どのように世の中に出ていったか。どのように、世の中に出ていくかというところで、アニメが更に発展するためにはと考えると、経済効果から逆算したモノづくりでは限界があると思います。受け入れられるマーケットを見越した供給では限界がある。逆に、パッションを持って描いていくということが絶対に必要で、そういう姿勢をご支援していただく活動をいろんな形で展開してお金をいただき、その結果更にお金に結びつけられるのだろうと思います。私もこの点では実際非常に苦労しております。
牧野 先ほどおっしゃったように、投資家に対して「手塚さん」といえばとおるんだけれども、手塚さんの作品をアニメーションにした時に残念ながら必ずしも売れるとはいえない状況があることも確かです。
ところが、もっと悲劇的なことは、私がいろんなところでお話すると、高齢で力をもっている方ほど、「あ、マンガ。ノラクロね」と。そこで私は絶望するわけです。
それからもう一つ、私が読売新聞社にいるときに「ディズニーランド」が上陸して、千葉の片隅に「テーマパーク」をつくったのですが、その時に現在のディズニーランドの状況を予測した人はほとんどいませんでした。デベロッパーにせよ、文化人にせよ、新聞記者にせよ、誰一人、「たかが、遊園地だろう。そんなもの3年もたないぜ」という意見がほとんどでした。誰一人賛成しないものをどうしてつくるんですかと言ったら、当時、皆さん御存知のようにバブル経済の最盛期でありますから、「いや、土地が上がればいいんだよ」という一言で、「ああ、そうなんですか。

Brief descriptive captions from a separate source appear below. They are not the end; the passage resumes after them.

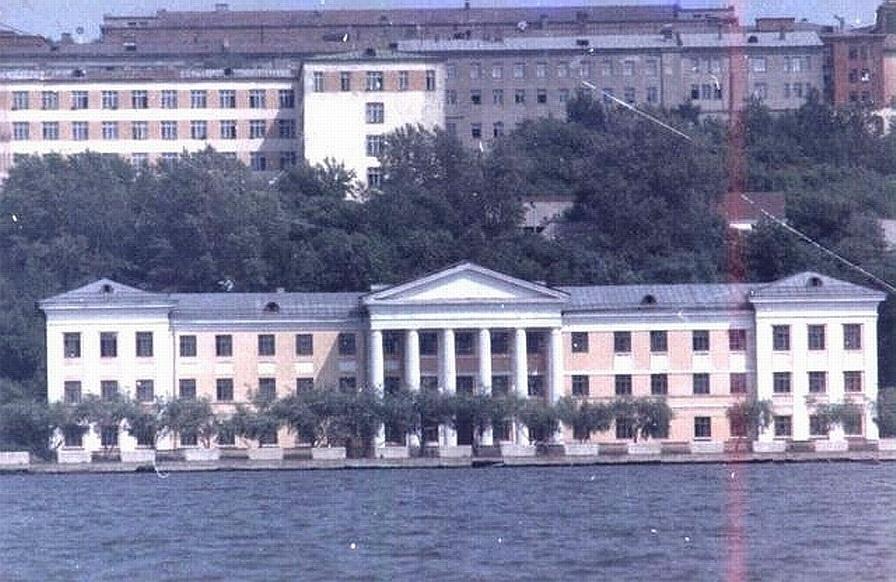 Начало 1980-х Ижевский индустриальный техникум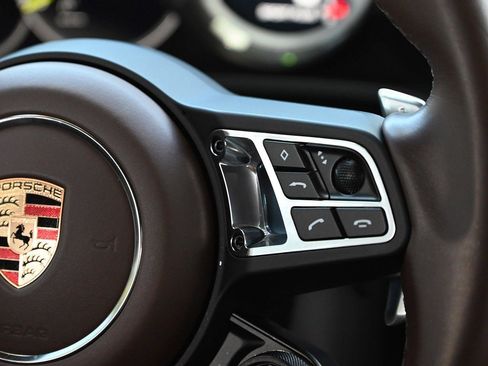 Used 2023 Porsche Cayenne Turbo S image 36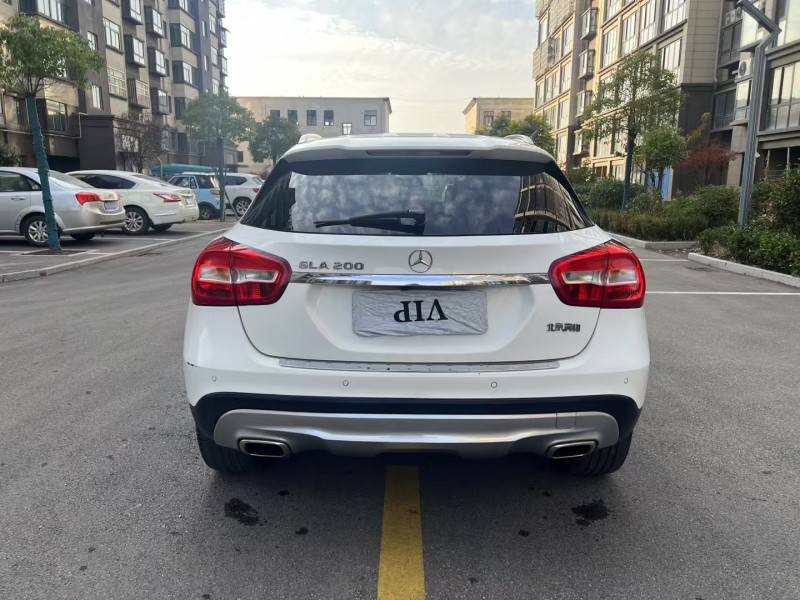 徐州17年奔驰GLA10
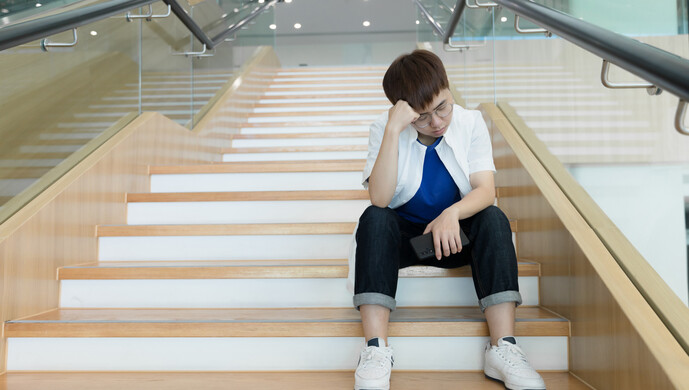 空巢青年现状:一人独居,两眼惺忪,三餐外卖,四季淘宝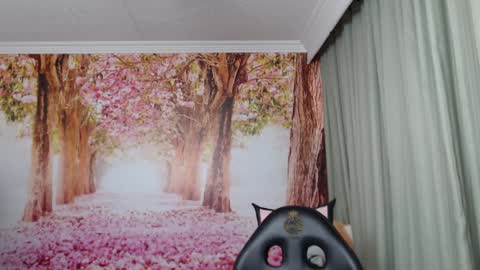 Hellen online show from 01-22-25, 07:45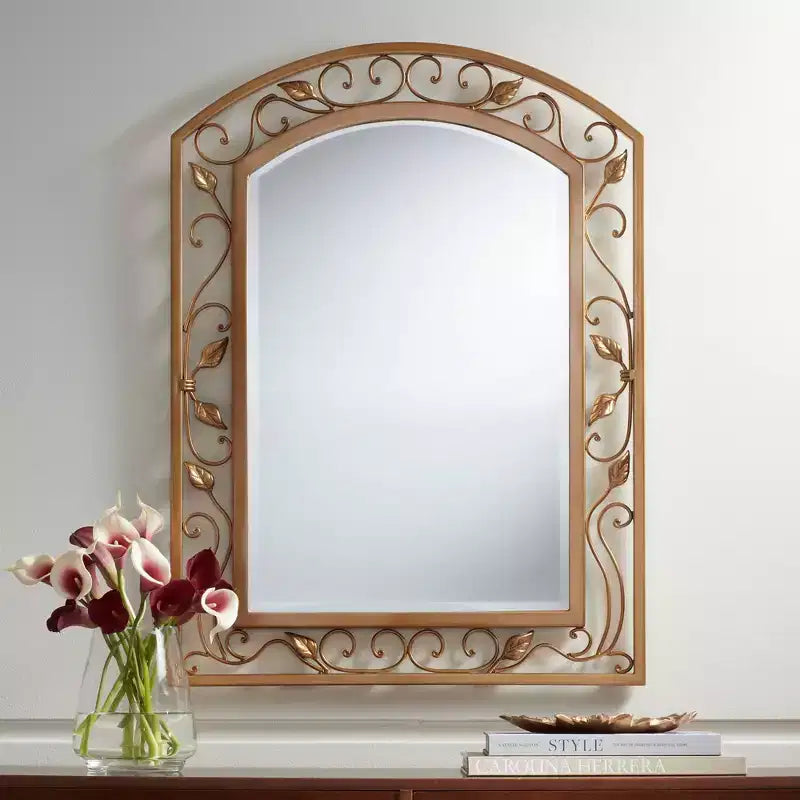 Specchio da parete Noble Park Eden Park Arch Top Vanity, vetro bisellato vintage francese, cornice in metallo dorato con motivo a vite e fiori, larghezza 25 pollici, per bagno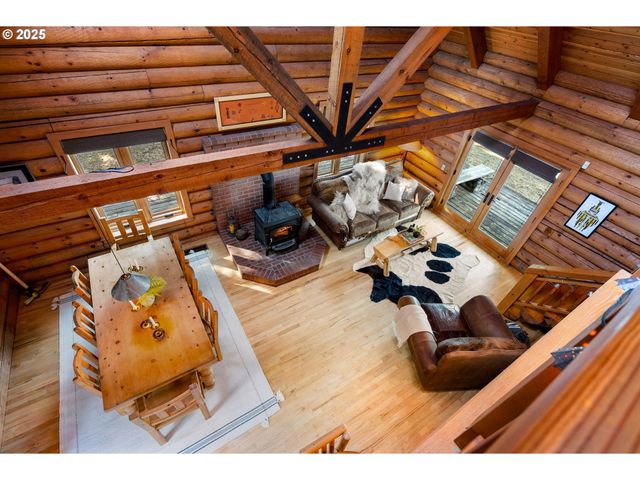 2300 ELDER Rd, Hood River, OR 97031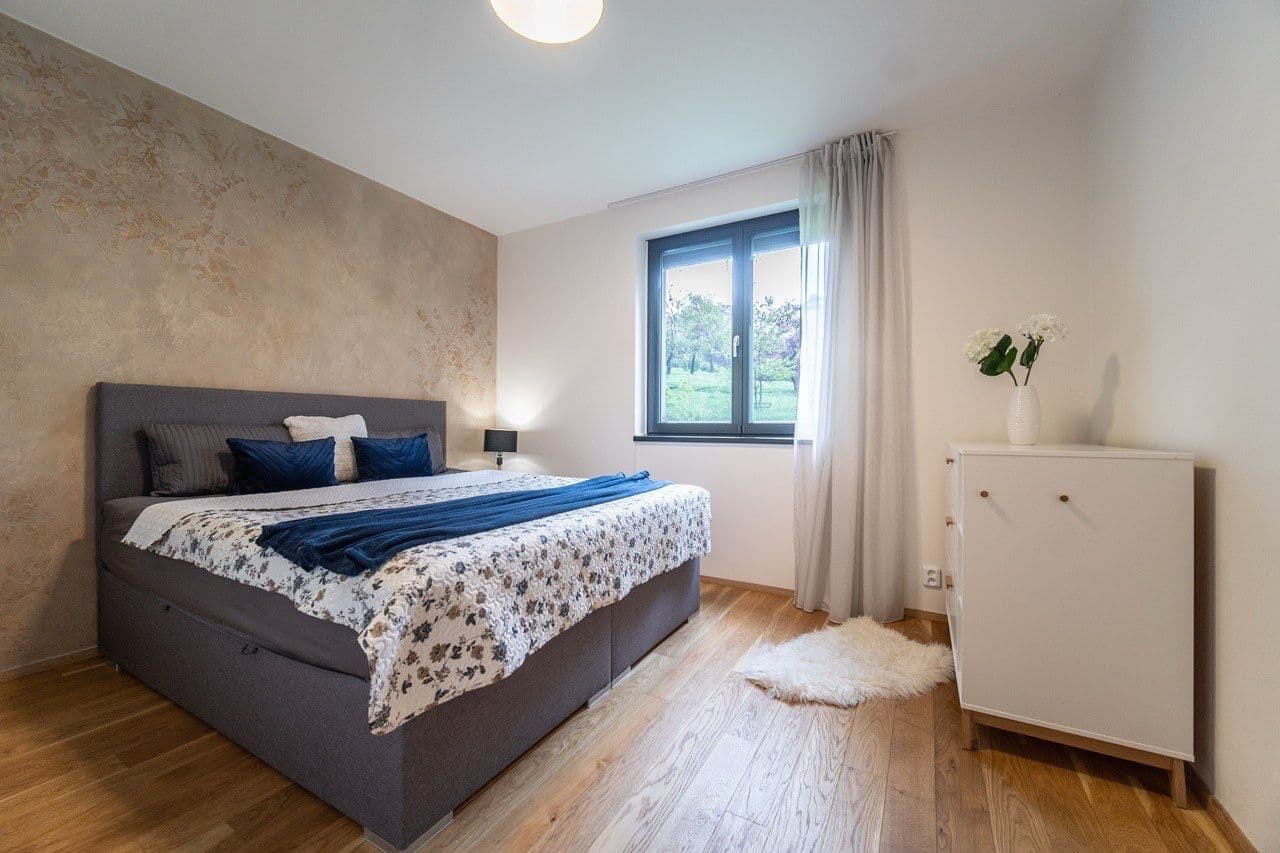 Pronájem bytu 3+kk 70 m², Primátorská, Praha, Praha Pronájem bytu 3+kk 70 m², Primátorská, Praha, Praha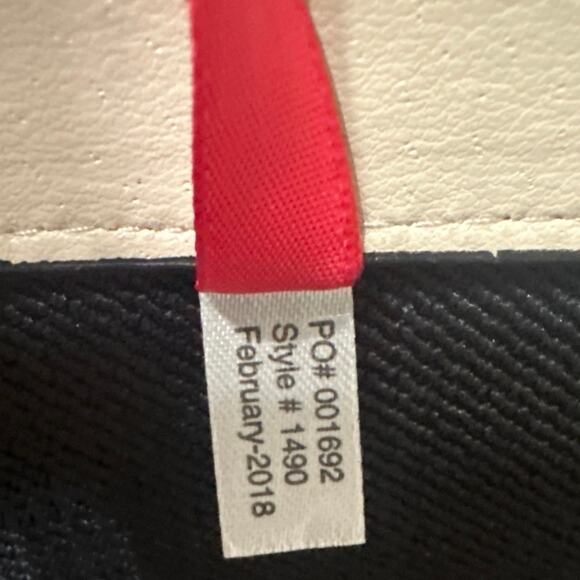 Ruby Ribbon Black Stretch Belt is designed to adjust from large to XL NWT - Picture 5 of 8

そういう感覚でおつくりになるんですか」というふうに私は当時とったんですね。
つまり、予測するということがいかに難しいか。お二人が見せてくださった映像を、「すばらしい」というふうに、決定権のある方が判断するのがいかに難しいかという問題があるわけです。「じゃあどうするのか」ということです。まさに難題なんだと思います。